Avant de me rendre à Mécaglisse, j’avais pris soin de faire ajuster la suspension afin de profiter au maximum de mon expérience sur ce tracé technique et court. J’avais également réglé la pression des pneus en fonction de la température (32 °C à 11 h), soit 32 livres à l’avant et 28 à l’arrière. Par souci d’efficacité et de performance, j’ai sélectionné le mode « Track », réglé l’antipatinage au troisième des neuf niveaux (donc peu interventionniste), désactivé l’anti-wheelie et opté pour le mode « Supermoto ». Ainsi ajustée, la 890 Duke R sortait fort des virages, sans excès de puissance risquant de me catapulter dans les airs, mais en exploitant au mieux l’excellente adhérence des Michelin. Je pouvais même me permettre des petites glissades du pneu arrière.

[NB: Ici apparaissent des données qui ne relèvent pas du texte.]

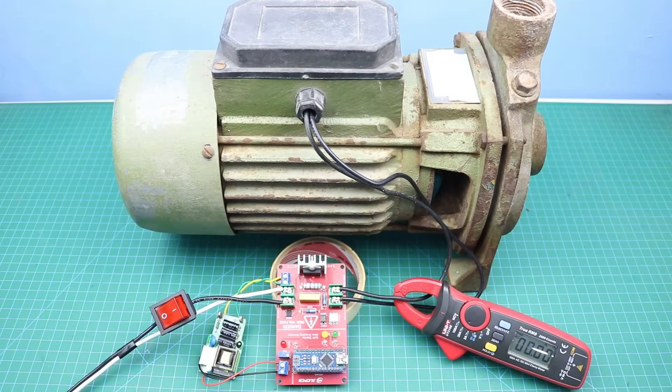Hello friends, welcome to Easy Homemade Projects. In today's video I am going to build a soft starter circuit for water pumps to reduce the starting torque and load current up to 50%. With the help of this soft starter you can run your water pump with any solar inverter that is not connected with batteries and the grid power supply.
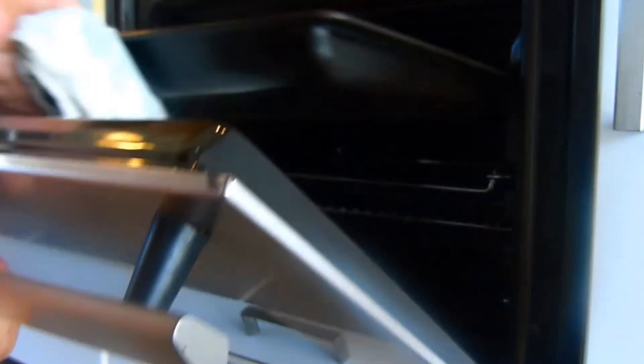Then it's off to a 180°C oven for 30 to 40 minutes, or until golden brown. Remove from the oven and serve hot.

La 890 Duke R affiche une attitude plus racée et sportive que sa benjamine et est vraiment prête pour la course. Avec une ergonomie plus affûtée et des aides électroniques affinées, elle se montre digne de son pseudonyme. La position de conduite est plus agressive que sur la 790. Le guidon est légèrement plus bas, alors que les repose-pieds sont reculés et surélevés. La garde au sol est insondable et la qualité des Michelin Power Cup 2 permet de rouler à un rythme élevé en toute confiance. Ils procurent une motricité supérieure et rendent la conduite sur circuit vraiment efficace et exaltante. En plus d’être plus légers, ces Michelin montent rapidement en température et on peut attaquer fort après un tour, sans qu’il soit impératif d’utiliser de couvertures chauffantes.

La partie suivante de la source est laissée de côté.